Report on Klyuchevskoy (Russia) — 1 December-7 December 2010
Smithsonian / US Geological Survey Weekly Volcanic Activity Report, 1 December-7 December 2010
Managing Editor: Sally Kuhn Sennert
Please cite this report as:
Global Volcanism Program, 2010. Report on Klyuchevskoy (Russia). In: Sennert, S K (ed.), Weekly Volcanic Activity Report, 1 December-7 December 2010. Smithsonian Institution and US Geological Survey.
56.056°N, 160.642°E; summit elev. 4754 m
All times are local (unless otherwise noted)
KVERT reported that seismic activity at Kliuchevskoi was slightly above background levels during 26-27 November, and did not exceed background levels during 28 November-3 December. Satellite imagery showed gas-and-ash plumes drifting 430 km N and NE during 26-29 November and a weak thermal anomaly over the crater on 26, 28, and 29 November. Ash plumes were seen rising to an altitude of 6.3 km (20,700 ft) a.s.l. on 26 and 29 November and 1 December. Ash fell in Kozyrevsk (about 50 km W) on 27 November and in Klyuchi (30 km NNE) on 28 November. Strombolian activity was observed on 1 and 2 December. The Aviation Color Code level remained at Orange.

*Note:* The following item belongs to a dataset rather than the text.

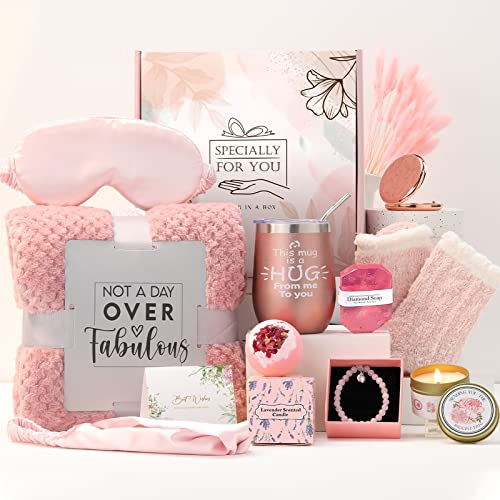 Gifts for Women, Care Package for Women, Get Well Soon Gift Baskets for Women, Birthday Gift Basket for Women, Gift Basket with Tumbler Blanket for Women, Best Friends, Sister, Mom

Geologic Background. Klyuchevskoy (also spelled Kliuchevskoi) is Kamchatka's highest and most active volcano. Since its origin about 6000 years ago, the beautifully symmetrical, 4835-m-high basaltic stratovolcano has produced frequent moderate-volume explosive and effusive eruptions without major periods of inactivity. It rises above a saddle NE of sharp-peaked Kamen volcano and lies SE of the broad Ushkovsky massif. More than 100 flank eruptions have occurred during the past roughly 3000 years, with most lateral craters and cones occurring along radial fissures between the unconfined NE-to-SE flanks of the conical volcano between 500 m and 3600 m elevation. The morphology of the 700-m-wide summit crater has been frequently modified by historical eruptions, which have been recorded since the late-17th century. Historical eruptions have originated primarily from the summit crater, but have also included numerous major explosive and effusive eruptions from flank craters.